#### Problem to work on
Your answer must be the exact lines below, starting with the line with "Cow Leather Women" and going on through the line with "ANTRobut 2Packs 6.5Ah", both included, with no pictures.
----
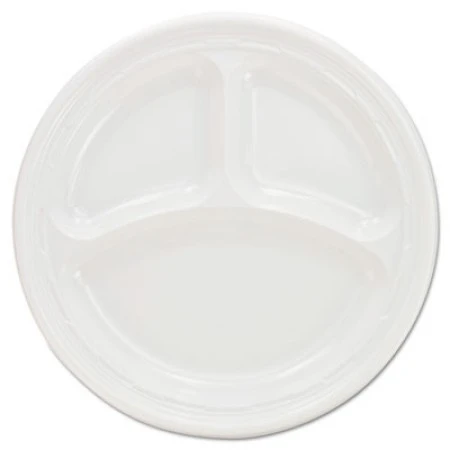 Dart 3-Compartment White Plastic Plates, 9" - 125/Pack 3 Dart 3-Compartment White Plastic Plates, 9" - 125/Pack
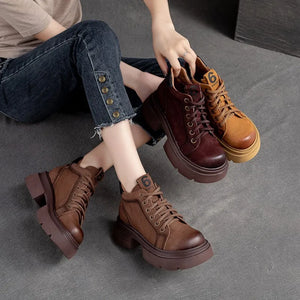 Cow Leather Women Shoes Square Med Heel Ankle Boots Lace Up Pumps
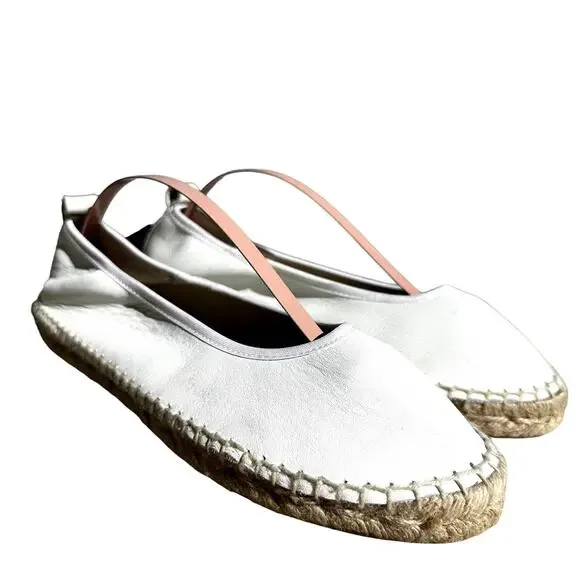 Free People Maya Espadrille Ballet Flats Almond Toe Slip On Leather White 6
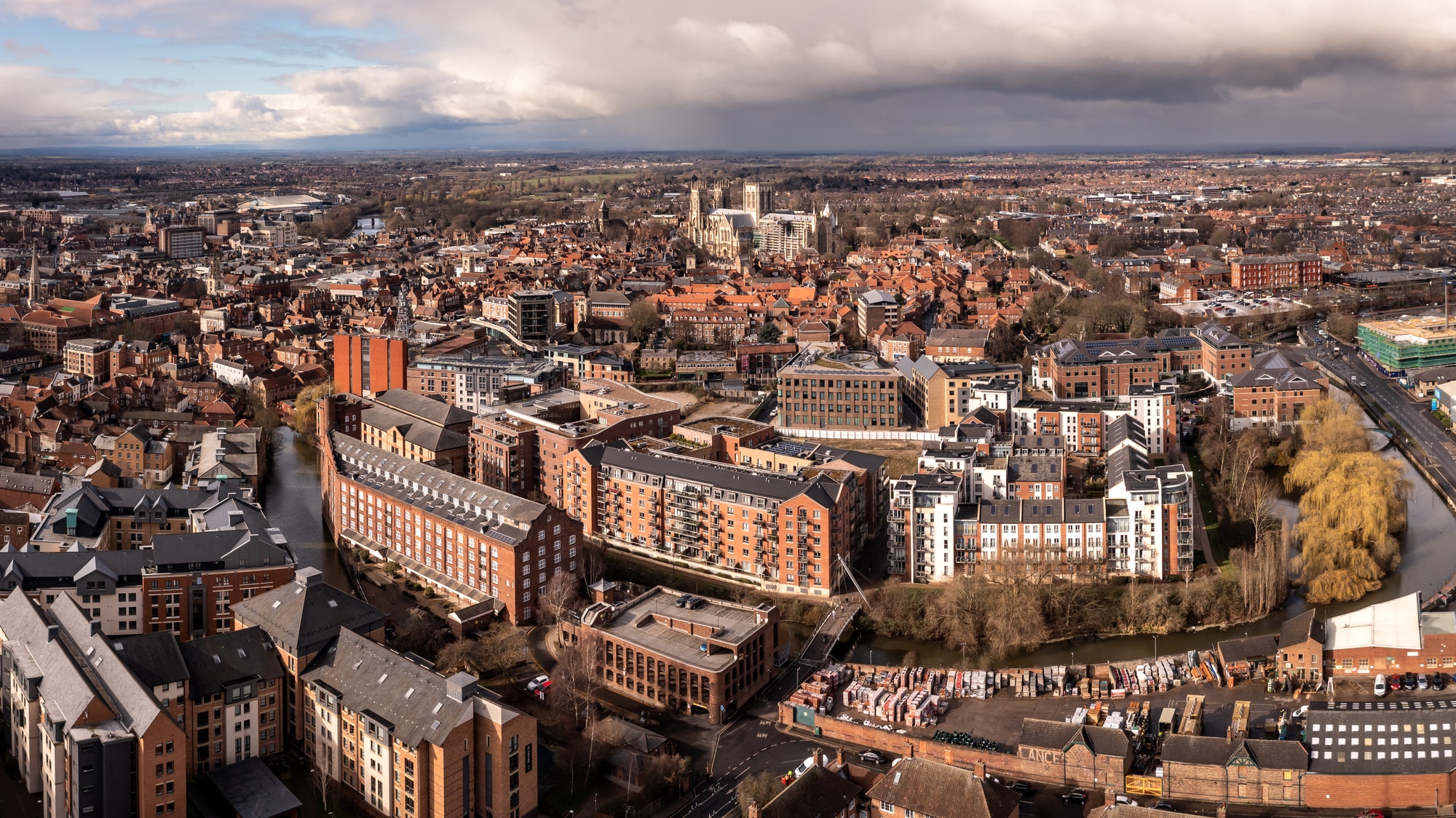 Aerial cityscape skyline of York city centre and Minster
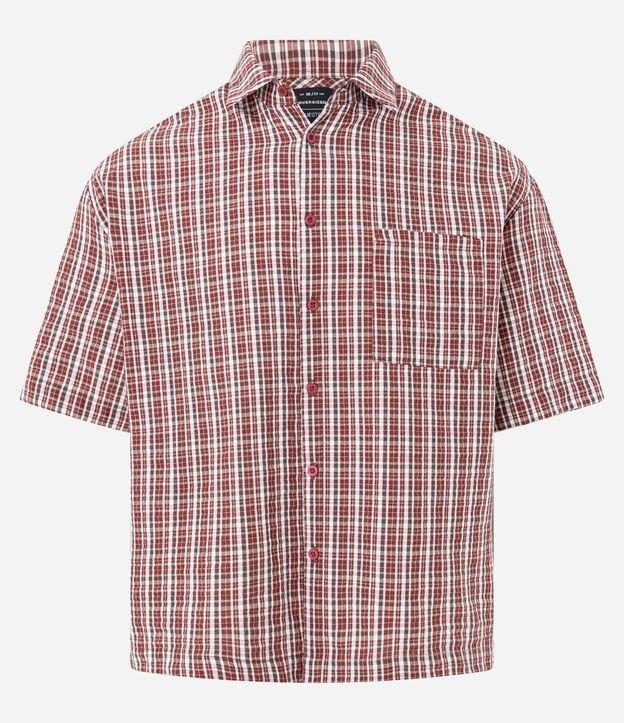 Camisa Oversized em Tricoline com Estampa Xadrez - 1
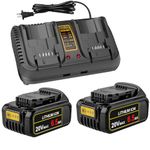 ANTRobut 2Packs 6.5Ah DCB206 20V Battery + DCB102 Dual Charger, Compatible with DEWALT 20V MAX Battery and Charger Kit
----
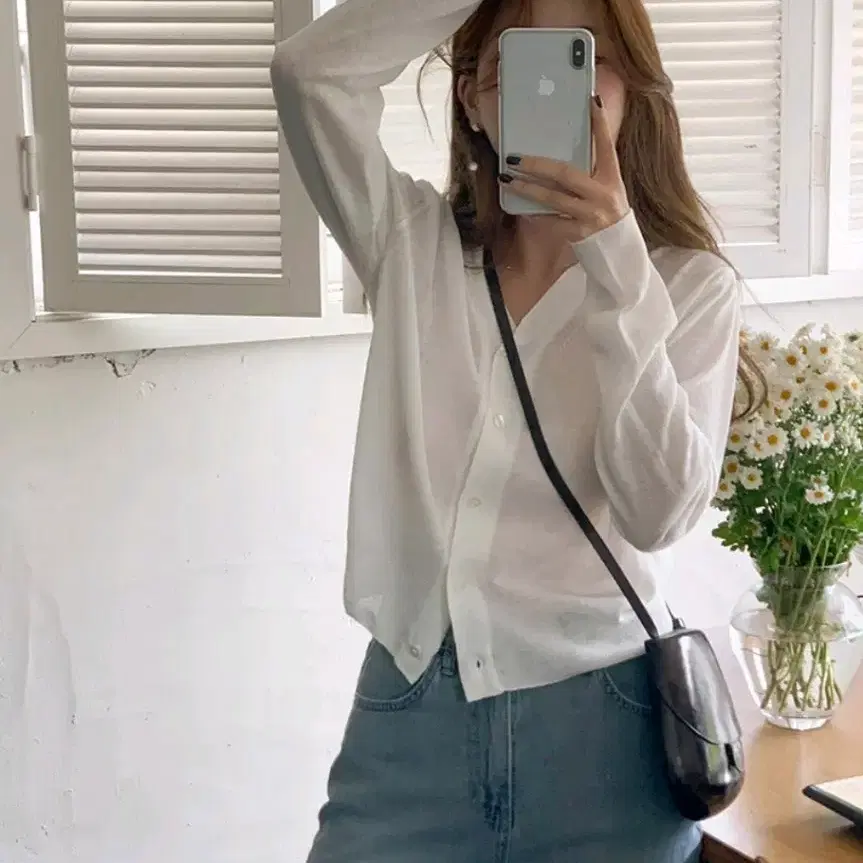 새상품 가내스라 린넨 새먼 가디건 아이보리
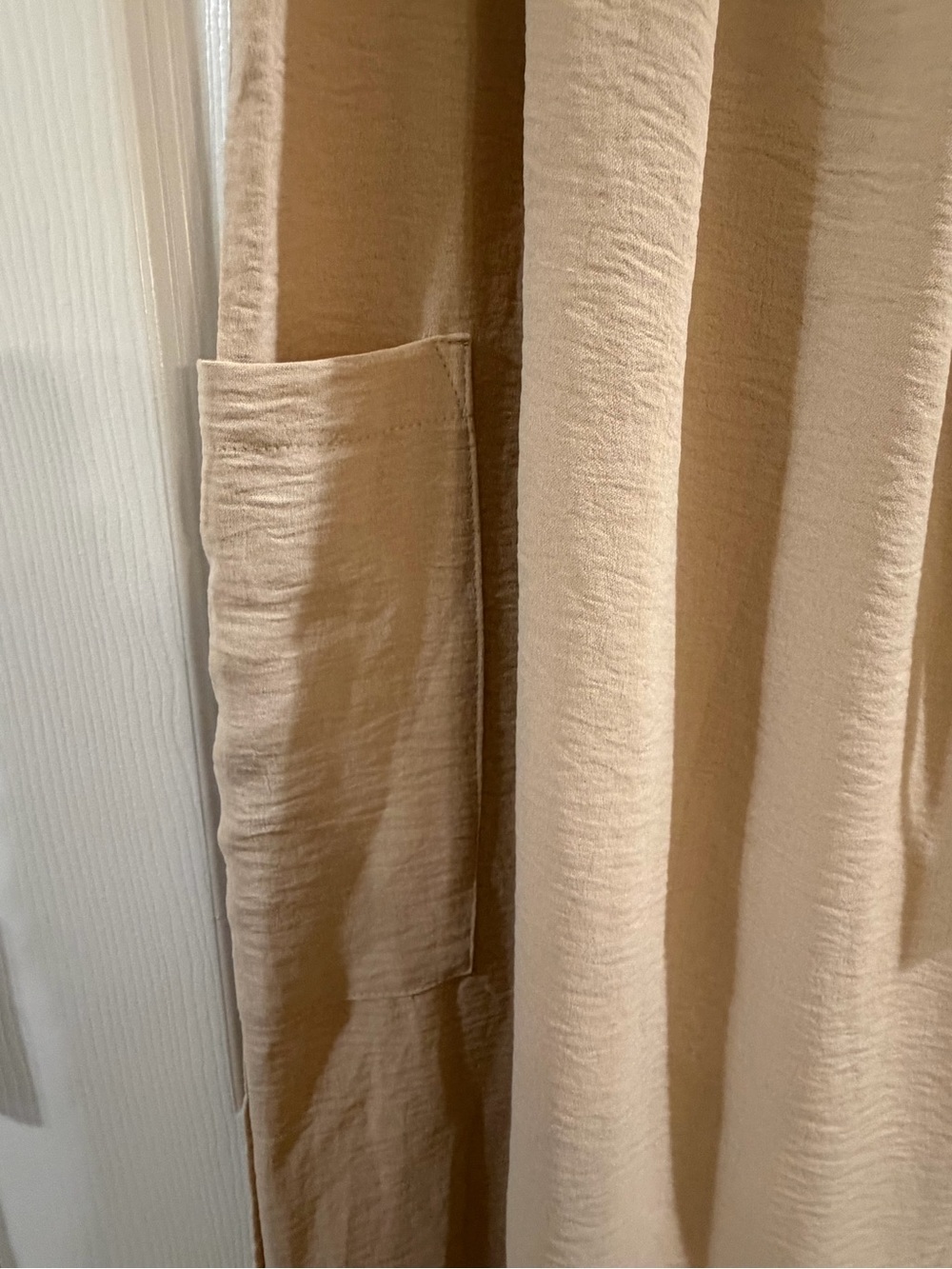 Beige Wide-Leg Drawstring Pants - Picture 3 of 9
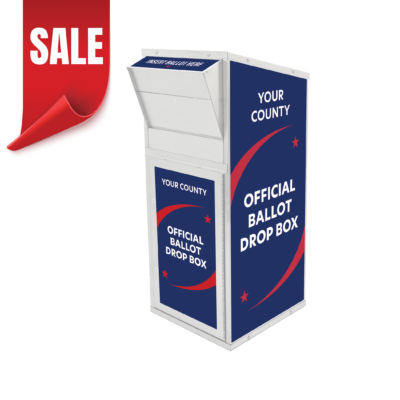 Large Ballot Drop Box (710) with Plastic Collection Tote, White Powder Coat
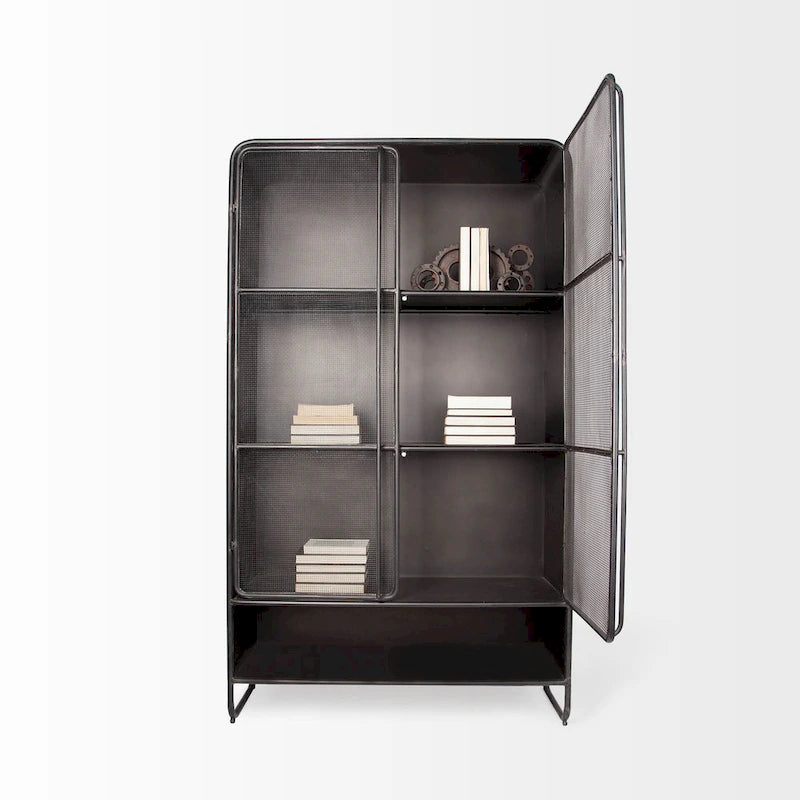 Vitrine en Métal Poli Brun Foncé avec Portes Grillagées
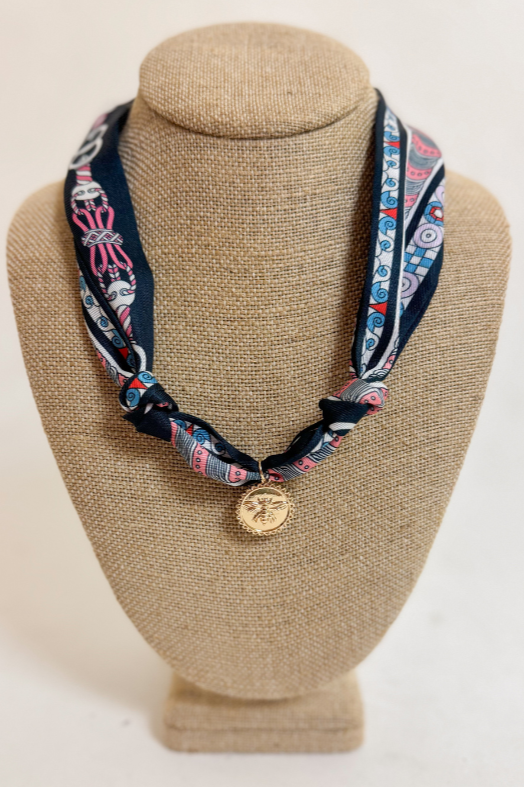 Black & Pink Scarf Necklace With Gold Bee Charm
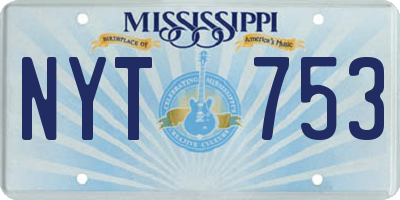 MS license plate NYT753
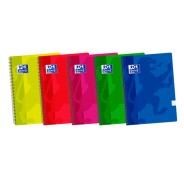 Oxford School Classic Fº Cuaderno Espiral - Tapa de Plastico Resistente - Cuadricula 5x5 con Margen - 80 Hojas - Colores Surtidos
----
#### Solution to the exercise
 Cow Leather Women Shoes Square Med Heel Ankle Boots Lace Up Pumps
 Free People Maya Espadrille Ballet Flats Almond Toe Slip On Leather White 6
 Aerial cityscape skyline of York city centre and Minster
 Camisa Oversized em Tricoline com Estampa Xadrez - 1
 ANTRobut 2Packs 6.5Ah DCB206 20V Battery + DCB102 Dual Charger, Compatible with DEWALT 20V MAX Battery and Charger Kit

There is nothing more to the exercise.